What Ana discovers after years of taking care of her “software object” is that what makes him unique, capable of doing things that other self-aware programs cannot do, is precisely the care she has put into raising him: “If she’s learned anything raising Jax, it’s that there are no shortcuts; if you want to create the common sense that comes from twenty years of being in the world, you need to devote twenty years to the task. You can’t assemble an equivalent collection of heuristics in less time; experience is algorithmically incompressible.”19 Moreover, Jax is now more than an advanced computer program. Like the others who have been raised like him, he “would have once seen the world with new eyes, have had hopes fulfilled and hopes dashed, have learned how it felt to tell a lie and how it felt to be told one.”20 As a result, he cannot be treated simply as a machine or an animal but deserves the same “respect” that humans are afforded.

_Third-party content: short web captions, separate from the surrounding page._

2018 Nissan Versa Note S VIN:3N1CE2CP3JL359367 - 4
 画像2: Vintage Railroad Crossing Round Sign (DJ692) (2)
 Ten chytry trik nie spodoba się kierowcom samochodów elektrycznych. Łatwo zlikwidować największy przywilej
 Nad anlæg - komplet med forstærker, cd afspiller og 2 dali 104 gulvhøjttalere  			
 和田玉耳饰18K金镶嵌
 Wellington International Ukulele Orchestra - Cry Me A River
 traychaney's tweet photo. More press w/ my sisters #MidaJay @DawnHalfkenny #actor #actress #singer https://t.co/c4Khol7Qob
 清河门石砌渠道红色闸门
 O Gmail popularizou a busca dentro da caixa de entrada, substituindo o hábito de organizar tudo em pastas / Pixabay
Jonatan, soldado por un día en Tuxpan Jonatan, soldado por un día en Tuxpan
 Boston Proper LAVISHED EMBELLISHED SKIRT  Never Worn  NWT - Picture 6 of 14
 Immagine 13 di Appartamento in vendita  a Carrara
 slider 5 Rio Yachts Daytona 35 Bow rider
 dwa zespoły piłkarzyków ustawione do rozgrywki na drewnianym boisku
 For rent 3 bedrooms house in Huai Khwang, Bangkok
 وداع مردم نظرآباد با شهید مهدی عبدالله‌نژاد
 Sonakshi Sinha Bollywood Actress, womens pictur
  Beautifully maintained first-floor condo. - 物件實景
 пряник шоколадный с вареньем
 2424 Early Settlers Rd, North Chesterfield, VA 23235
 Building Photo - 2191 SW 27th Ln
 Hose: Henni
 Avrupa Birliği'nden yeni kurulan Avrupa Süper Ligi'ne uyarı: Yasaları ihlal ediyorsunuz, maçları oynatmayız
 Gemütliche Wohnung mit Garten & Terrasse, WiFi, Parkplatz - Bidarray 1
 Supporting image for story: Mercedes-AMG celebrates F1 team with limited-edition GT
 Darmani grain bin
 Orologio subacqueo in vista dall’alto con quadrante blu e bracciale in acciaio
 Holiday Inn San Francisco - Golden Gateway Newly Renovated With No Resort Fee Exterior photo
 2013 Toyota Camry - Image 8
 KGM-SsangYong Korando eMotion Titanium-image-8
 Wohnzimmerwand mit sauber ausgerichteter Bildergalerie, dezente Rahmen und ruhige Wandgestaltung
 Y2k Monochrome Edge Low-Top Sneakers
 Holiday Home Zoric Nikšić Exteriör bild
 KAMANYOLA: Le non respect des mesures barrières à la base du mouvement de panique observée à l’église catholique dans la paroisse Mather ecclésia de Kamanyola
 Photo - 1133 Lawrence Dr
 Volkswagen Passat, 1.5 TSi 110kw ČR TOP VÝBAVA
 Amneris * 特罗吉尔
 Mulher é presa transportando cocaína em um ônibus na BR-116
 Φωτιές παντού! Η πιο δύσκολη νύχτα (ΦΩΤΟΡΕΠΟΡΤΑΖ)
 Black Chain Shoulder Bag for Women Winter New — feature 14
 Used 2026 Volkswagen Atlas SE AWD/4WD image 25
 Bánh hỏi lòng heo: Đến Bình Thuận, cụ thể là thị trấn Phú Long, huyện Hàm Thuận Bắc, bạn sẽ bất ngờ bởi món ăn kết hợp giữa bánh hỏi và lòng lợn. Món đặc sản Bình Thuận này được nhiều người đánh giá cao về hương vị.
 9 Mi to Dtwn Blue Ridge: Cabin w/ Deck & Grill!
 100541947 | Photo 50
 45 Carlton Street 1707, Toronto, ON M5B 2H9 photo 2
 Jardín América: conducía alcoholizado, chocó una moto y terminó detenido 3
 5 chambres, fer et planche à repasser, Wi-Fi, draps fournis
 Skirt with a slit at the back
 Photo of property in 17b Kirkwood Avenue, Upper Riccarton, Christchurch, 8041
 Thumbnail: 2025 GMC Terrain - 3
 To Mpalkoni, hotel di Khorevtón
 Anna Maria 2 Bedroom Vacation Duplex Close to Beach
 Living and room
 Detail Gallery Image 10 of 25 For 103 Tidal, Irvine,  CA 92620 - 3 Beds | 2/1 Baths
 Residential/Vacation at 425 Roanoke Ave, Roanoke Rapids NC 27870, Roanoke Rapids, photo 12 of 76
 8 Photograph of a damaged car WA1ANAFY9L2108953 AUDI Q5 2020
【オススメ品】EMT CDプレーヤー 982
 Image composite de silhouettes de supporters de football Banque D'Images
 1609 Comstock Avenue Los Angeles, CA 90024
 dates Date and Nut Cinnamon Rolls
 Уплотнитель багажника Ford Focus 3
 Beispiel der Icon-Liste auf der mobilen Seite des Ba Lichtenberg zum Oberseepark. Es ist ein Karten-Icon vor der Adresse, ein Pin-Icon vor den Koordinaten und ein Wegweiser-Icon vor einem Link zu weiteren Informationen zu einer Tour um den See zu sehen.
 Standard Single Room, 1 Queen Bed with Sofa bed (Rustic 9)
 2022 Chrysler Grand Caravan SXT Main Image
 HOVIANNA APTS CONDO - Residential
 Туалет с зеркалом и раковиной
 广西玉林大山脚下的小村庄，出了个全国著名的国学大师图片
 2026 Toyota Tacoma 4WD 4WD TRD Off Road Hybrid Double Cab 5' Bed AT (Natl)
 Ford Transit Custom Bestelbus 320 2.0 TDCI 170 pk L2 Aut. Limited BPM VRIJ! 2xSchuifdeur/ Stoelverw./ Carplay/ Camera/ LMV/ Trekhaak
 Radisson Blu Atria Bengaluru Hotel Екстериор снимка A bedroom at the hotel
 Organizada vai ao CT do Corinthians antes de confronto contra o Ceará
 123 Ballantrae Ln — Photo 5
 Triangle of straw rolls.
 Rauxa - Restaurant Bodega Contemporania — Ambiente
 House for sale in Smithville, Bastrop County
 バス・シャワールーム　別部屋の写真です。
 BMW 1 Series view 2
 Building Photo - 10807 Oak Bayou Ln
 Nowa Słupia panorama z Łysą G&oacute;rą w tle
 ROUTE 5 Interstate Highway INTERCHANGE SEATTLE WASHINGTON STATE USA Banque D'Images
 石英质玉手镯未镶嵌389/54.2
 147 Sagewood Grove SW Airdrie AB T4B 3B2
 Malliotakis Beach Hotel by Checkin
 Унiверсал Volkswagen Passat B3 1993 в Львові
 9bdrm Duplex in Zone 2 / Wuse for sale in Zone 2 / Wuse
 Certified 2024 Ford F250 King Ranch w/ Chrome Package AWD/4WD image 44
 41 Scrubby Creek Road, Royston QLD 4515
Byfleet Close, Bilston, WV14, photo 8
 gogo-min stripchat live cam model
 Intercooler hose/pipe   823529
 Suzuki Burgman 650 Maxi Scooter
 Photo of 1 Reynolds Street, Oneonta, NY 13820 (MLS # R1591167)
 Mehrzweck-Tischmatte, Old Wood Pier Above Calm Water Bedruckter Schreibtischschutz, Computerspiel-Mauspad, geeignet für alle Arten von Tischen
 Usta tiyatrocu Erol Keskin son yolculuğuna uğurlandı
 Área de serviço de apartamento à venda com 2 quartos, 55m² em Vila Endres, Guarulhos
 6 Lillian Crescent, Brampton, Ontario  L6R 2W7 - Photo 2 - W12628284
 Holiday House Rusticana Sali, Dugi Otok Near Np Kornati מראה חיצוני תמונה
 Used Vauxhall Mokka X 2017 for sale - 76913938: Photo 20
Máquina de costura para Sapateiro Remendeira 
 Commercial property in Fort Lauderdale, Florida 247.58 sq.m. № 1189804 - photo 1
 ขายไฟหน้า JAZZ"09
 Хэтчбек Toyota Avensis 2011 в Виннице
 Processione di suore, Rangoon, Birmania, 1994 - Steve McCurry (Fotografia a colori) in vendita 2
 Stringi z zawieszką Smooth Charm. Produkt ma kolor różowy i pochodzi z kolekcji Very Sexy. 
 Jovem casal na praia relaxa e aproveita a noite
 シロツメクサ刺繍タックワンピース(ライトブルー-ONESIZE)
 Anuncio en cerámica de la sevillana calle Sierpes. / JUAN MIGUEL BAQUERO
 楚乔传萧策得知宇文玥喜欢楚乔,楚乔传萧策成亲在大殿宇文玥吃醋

Against the obvious humanism of these conclusions, Derek, another caretaker of the self-aware programs, reaches a slightly different appreciation for difference.
While he would agree that nothing beats experience and that his programs deserve to be respected, he also thinks (according to the narrator), “Marco and Polo aren’t human, and maybe thinking of them as if they were is a mistake, forcing them to conform to [Derek’s] expectations instead of letting them be themselves. Is it more respectful to treat him like a human being, or to accept that he isn’t one?”